Le pergélisol fond aussi sous l’océan Arctique, relâchant du méthane, un puissant GES
Des chercheurs ont trouvé des zones dans l’océan Arctique, au nord de la Sibérie, où la température des sédiments permet le relâchement de méthane contenu dans le pergélisol sous-marin, un phénomène qui pourrait contribuer au réchauffement climatique.
On sait que le réchauffement fait fondre le pergélisol dans les portions terrestres de l’Arctique. Le pergélisol contient du carbone et, lorsqu’il fond, ce carbone alimente des microorganismes qui vont le dégrader et produire du CO2 et du méthane.
Le pergélisol contient également de l’hydrate de méthane (aussi appelé « glace de méthane ») emprisonné à l’intérieur. Lors de la fonte, de grandes quantités de méthane, un puissant gaz à effet de serre, sont relâchées dans l’atmosphère.
Les scientifiques commencent à explorer ce phénomène, qui se produit également au fond de l’océan, quand les conditions de température changent à cet endroit.
Au-dessus du point de congélation
Pour ce faire, l’équipe internationale composée de chercheurs russes, suédois et italiens s’est basée sur des données issues d’échantillons de sédiments de fonds marins récoltés ces dernières années au large des côtes russes, dans la mer de Kara, la mer de Laptev et la mer de Sibérie orientale. Leurs travaux sont publiés dans la revue Marine and Petroleum Geology.
Les données montrent que la couche supérieure de sédiments en certains endroits est dégelée. Sa température est de 0,6 degré Celsius supérieure au point de congélation.
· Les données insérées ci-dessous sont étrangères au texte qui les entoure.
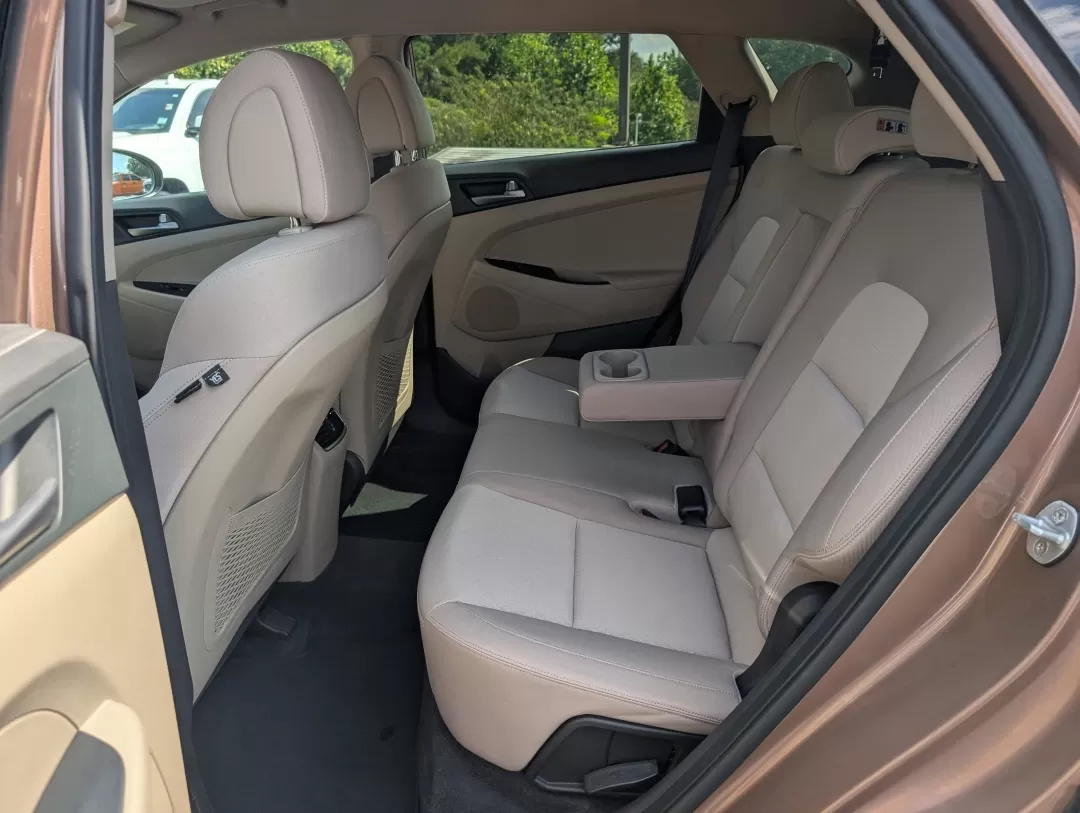 2017 /Beige Hyundai Tucson Sport (KM8J33A27HU) with an Other engine, located at 3959 U.S. 80 W, Phenix City, AL, 36870, (334) 297-4885, 32.469296, -85.135185 - 2017 Hyundai Tucson Sport - Photo#10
La température des sédiments peut même atteindre 2,5 degrés au-dessus du point de congélation, dans la mer de Laptev, notent les chercheurs.
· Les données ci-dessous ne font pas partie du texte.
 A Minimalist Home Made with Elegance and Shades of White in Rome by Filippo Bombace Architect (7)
Cela serait notamment attribuable à l’apport d’eau douce, plus chaude, provenant des rivières le long du littoral russe, notamment le grand fleuve Léna.
« Ces mesures ont révélé de nouveaux grands suintements de méthane dans les mers de Sibérie orientale et de Laptev, les flux de méthane [dans ces zones] s’élevant à travers une colonne d’eau de 45 m et atteignant la surface de la mer », peut-on lire dans un communiqué de l’École des hautes études en sciences économiques, à laquelle sont affiliés une partie des chercheurs.
Plusieurs études ont montré que la fonte du pergélisol terrestre est associée au changement climatique, l’Arctique se réchauffant deux fois plus vite que la moyenne mondiale.
Le processus de fonte du pergélisol sous-marin ne peut être attribué entièrement au réchauffement engendré par les activités humaines, et résulte probablement en grande partie d’un phénomène de changement climatique se déroulant sur des milliers d’années, et qui est associé à la fin de la dernière ère glaciaire, comme l’ont montré d’autres scientifiques plus tôt cette année.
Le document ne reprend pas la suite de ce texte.